What this task involves | Within the entries below, please return exactly the lines from the one with "Complete BMX 3 PEICE CRANKS" through the one with "Norris expecting a", leaving out any pictures.

[[ Given records, beginning ]]

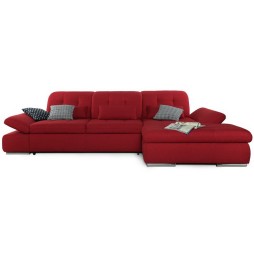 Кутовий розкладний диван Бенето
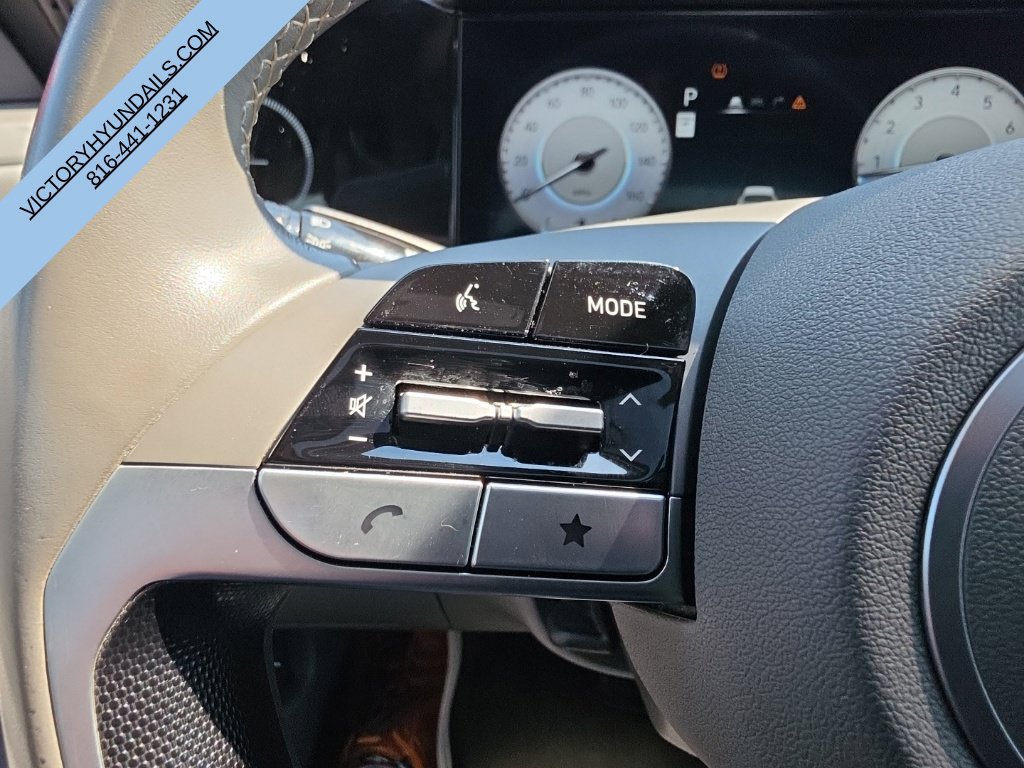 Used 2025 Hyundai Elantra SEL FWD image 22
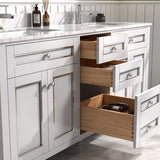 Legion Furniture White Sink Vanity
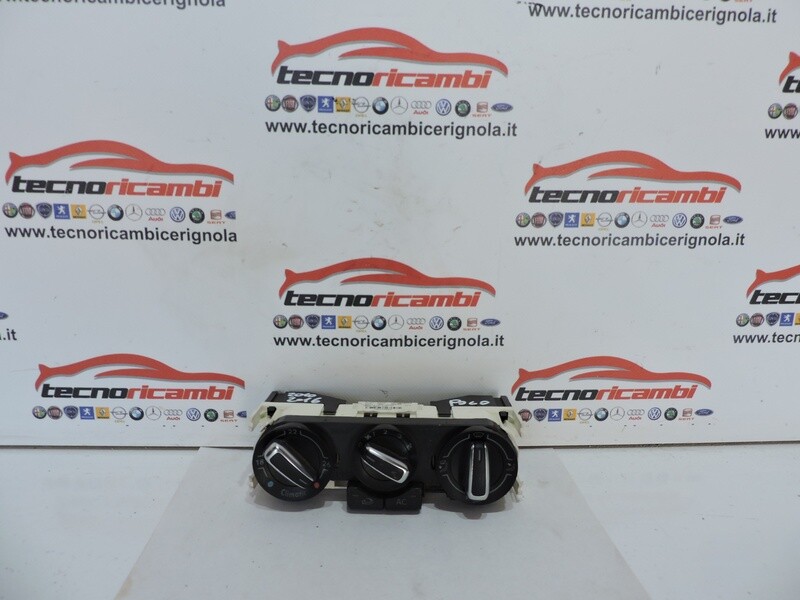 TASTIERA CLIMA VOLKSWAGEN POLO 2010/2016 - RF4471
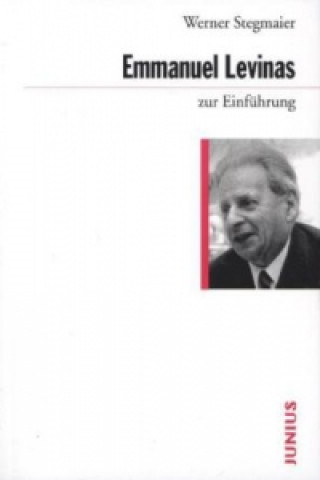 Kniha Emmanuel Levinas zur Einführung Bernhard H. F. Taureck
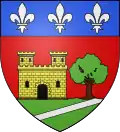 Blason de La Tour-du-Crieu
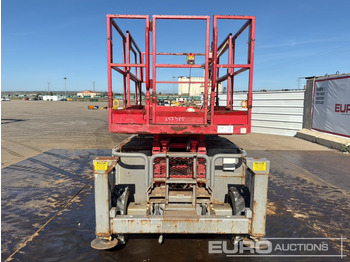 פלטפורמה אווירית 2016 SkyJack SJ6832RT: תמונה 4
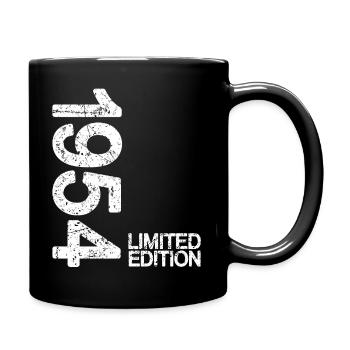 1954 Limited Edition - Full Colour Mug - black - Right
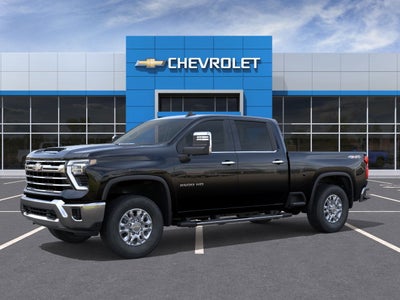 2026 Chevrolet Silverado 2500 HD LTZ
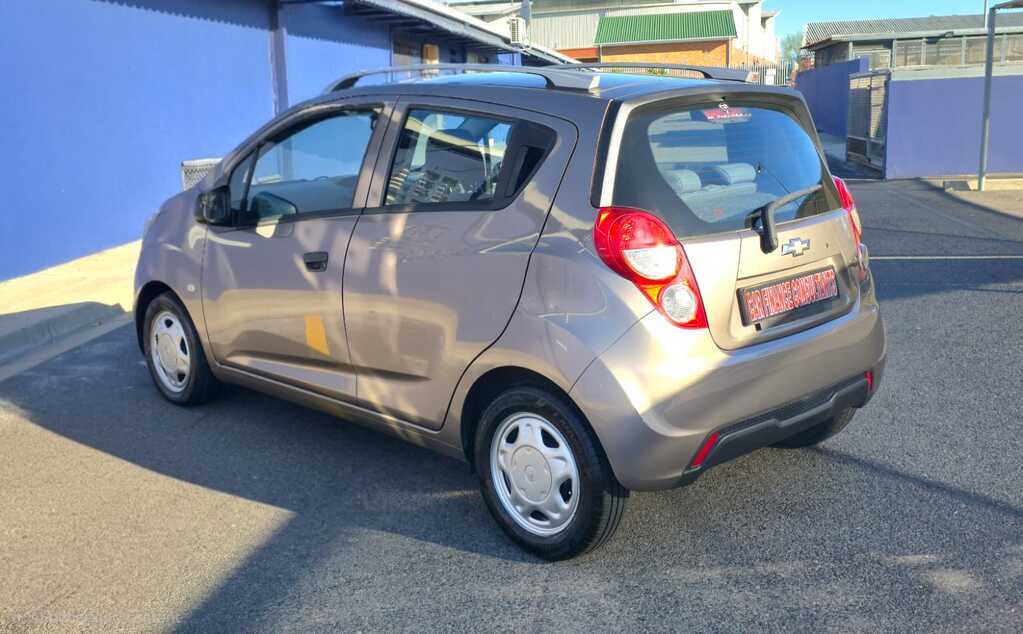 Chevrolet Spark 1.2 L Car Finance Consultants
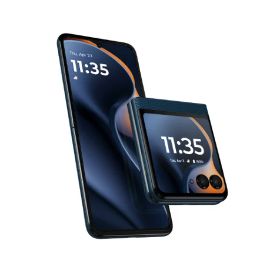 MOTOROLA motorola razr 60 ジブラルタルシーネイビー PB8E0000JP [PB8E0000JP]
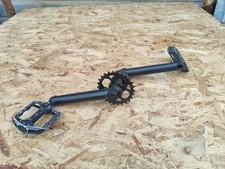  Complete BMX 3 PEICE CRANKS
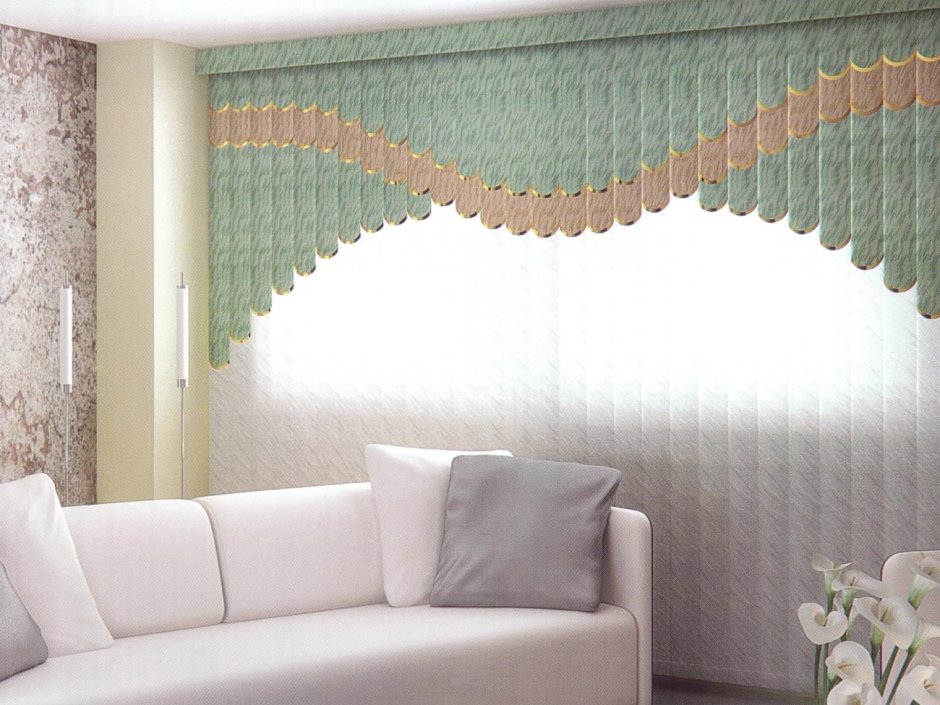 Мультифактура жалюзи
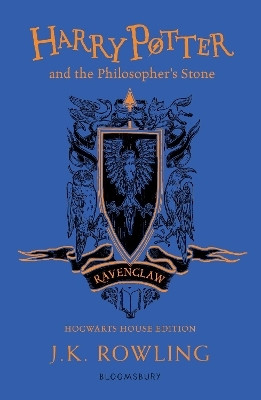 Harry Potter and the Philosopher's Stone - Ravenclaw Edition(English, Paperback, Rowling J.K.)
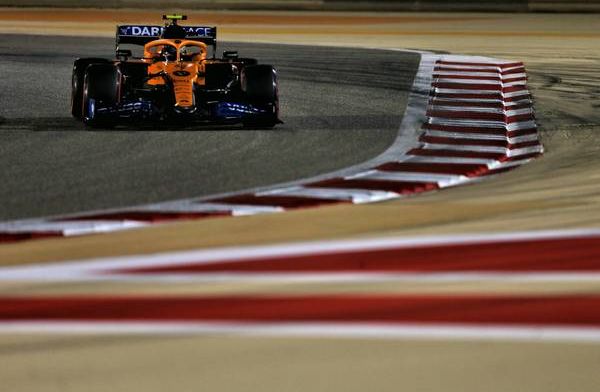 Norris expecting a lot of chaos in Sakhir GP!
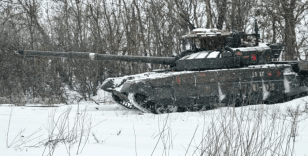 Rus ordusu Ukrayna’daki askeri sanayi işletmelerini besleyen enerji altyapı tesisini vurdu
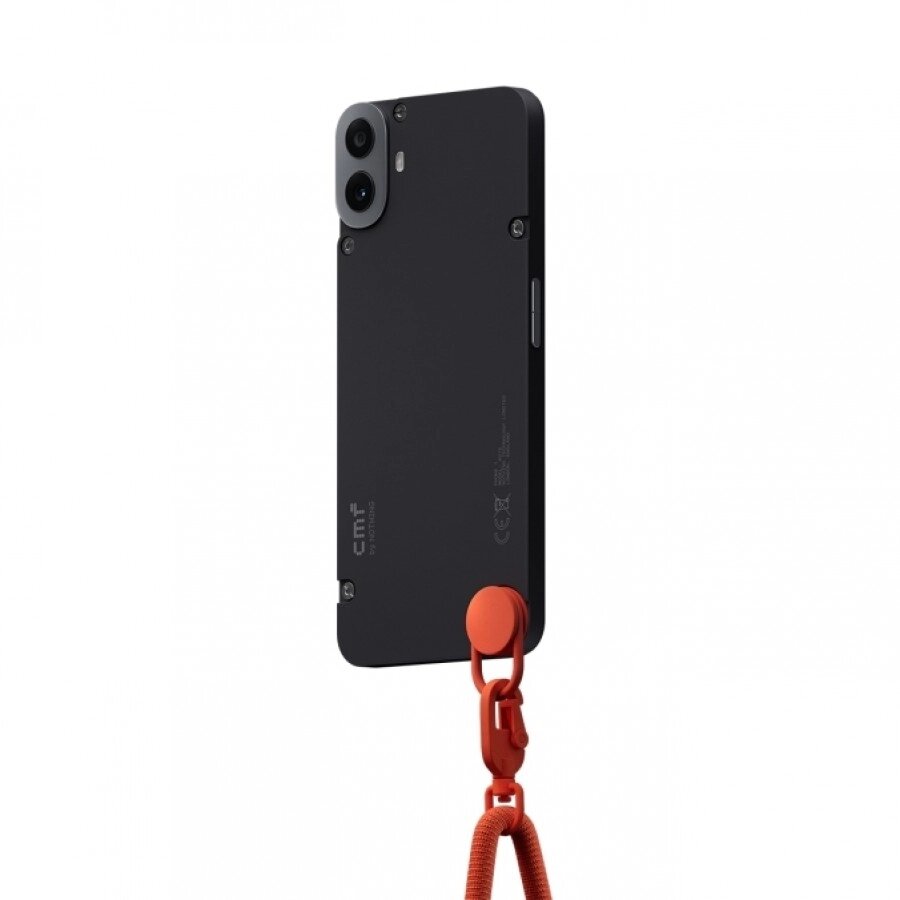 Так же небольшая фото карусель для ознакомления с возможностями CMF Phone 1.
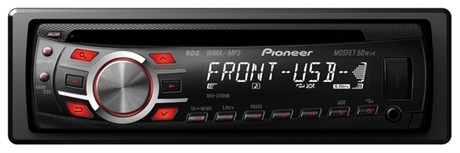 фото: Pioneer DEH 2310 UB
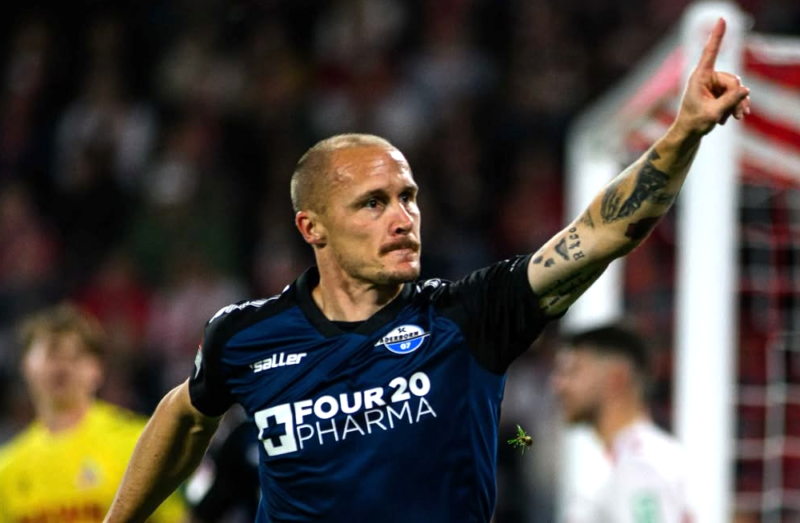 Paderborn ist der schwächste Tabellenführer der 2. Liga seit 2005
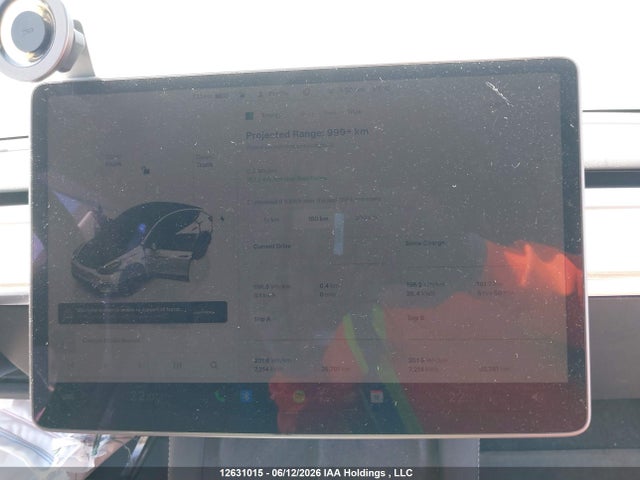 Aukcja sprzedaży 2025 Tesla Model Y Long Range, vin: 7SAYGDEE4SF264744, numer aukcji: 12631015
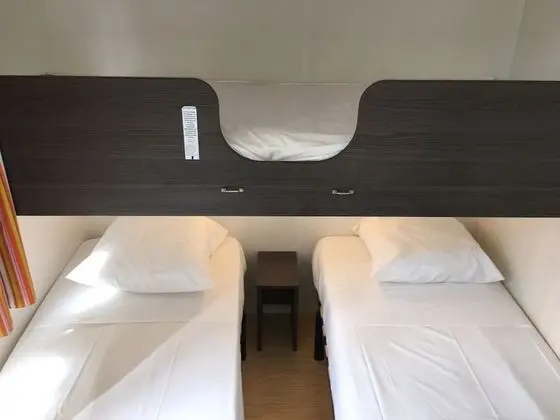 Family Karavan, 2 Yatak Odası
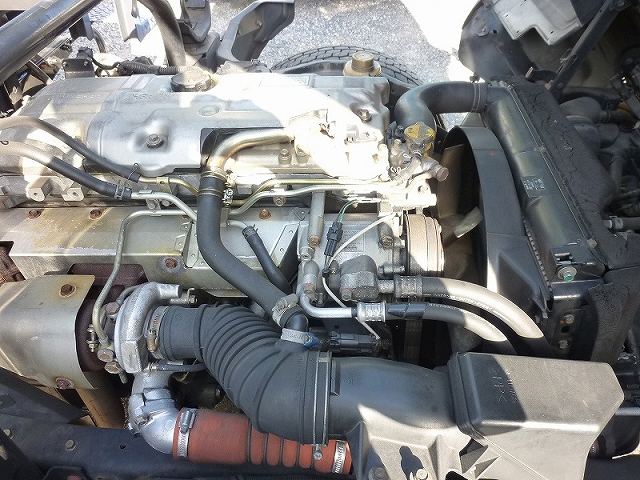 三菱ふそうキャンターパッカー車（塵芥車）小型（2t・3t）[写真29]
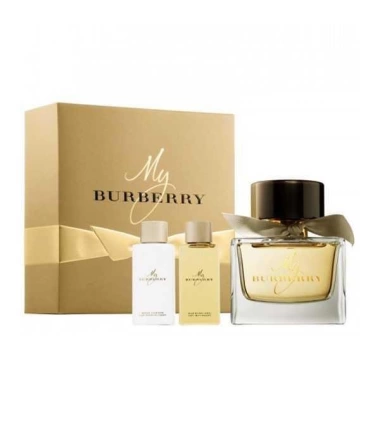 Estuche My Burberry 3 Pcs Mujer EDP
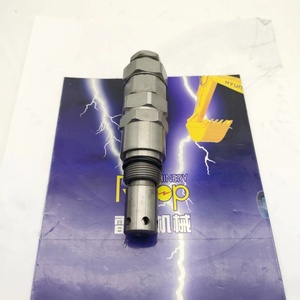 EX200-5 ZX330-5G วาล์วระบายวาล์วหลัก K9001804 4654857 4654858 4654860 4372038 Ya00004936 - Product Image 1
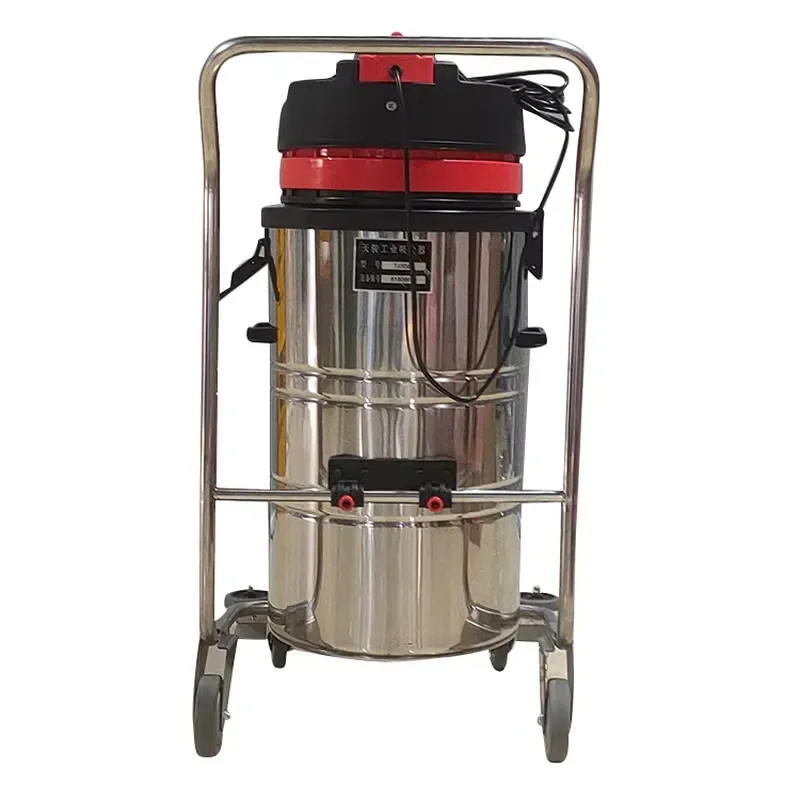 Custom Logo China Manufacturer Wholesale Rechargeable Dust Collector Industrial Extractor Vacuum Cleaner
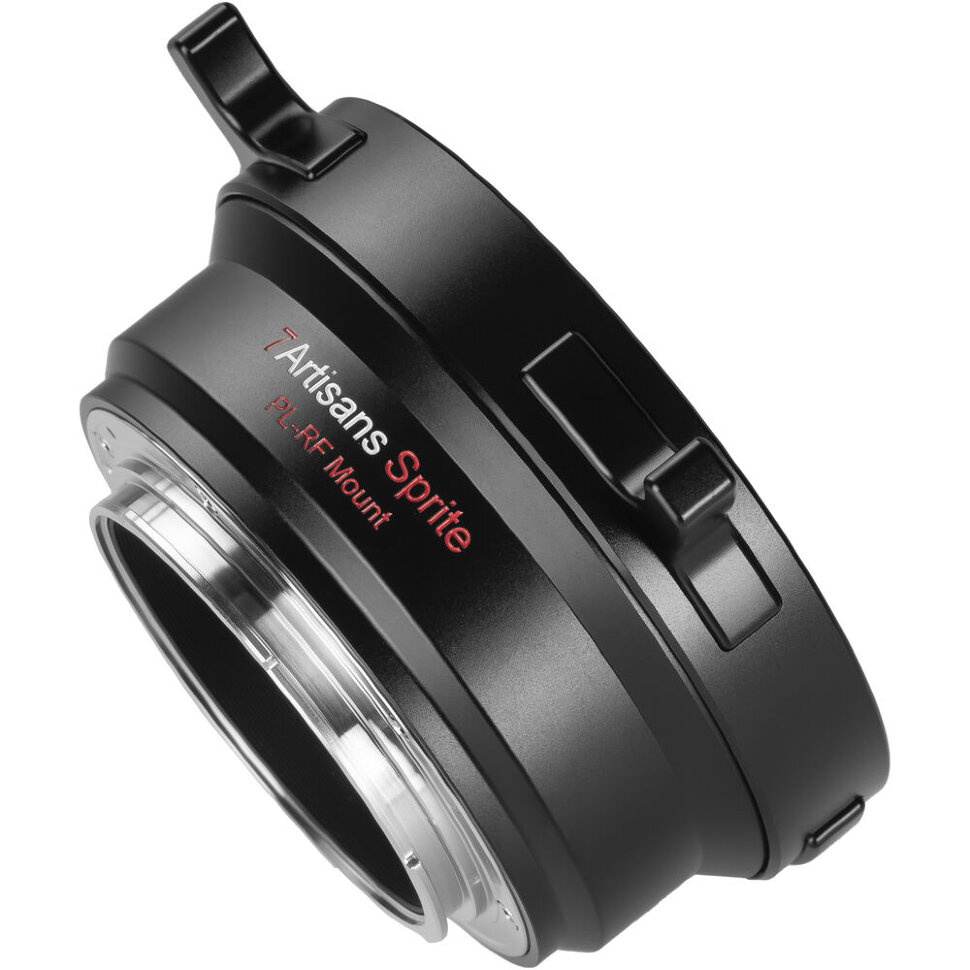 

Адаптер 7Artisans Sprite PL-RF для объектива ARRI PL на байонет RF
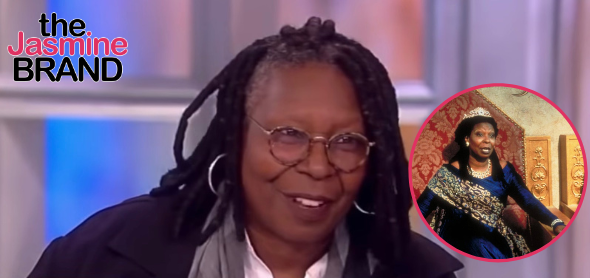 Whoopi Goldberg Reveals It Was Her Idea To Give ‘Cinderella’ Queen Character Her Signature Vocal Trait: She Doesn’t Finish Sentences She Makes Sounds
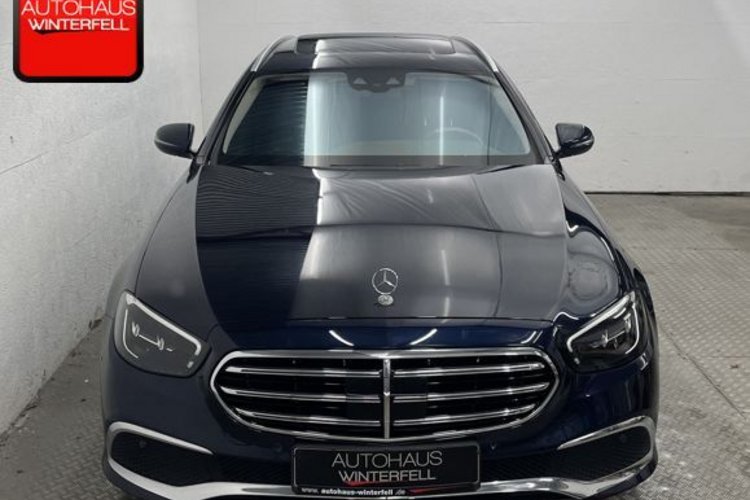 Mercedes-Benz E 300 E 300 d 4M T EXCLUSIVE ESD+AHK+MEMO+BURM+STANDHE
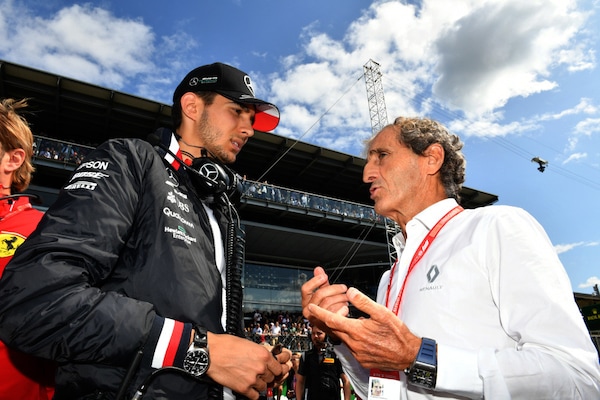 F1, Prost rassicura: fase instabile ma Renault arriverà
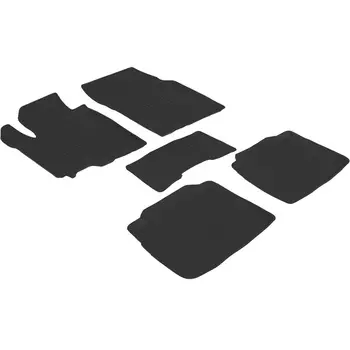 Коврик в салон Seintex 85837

[[ Given records, end ]]

Expected answer |
  Complete BMX 3 PEICE CRANKS
 Мультифактура жалюзи
 Harry Potter and the Philosopher's Stone - Ravenclaw Edition(English, Paperback, Rowling J.K.)
 Norris expecting a lot of chaos in Sakhir GP!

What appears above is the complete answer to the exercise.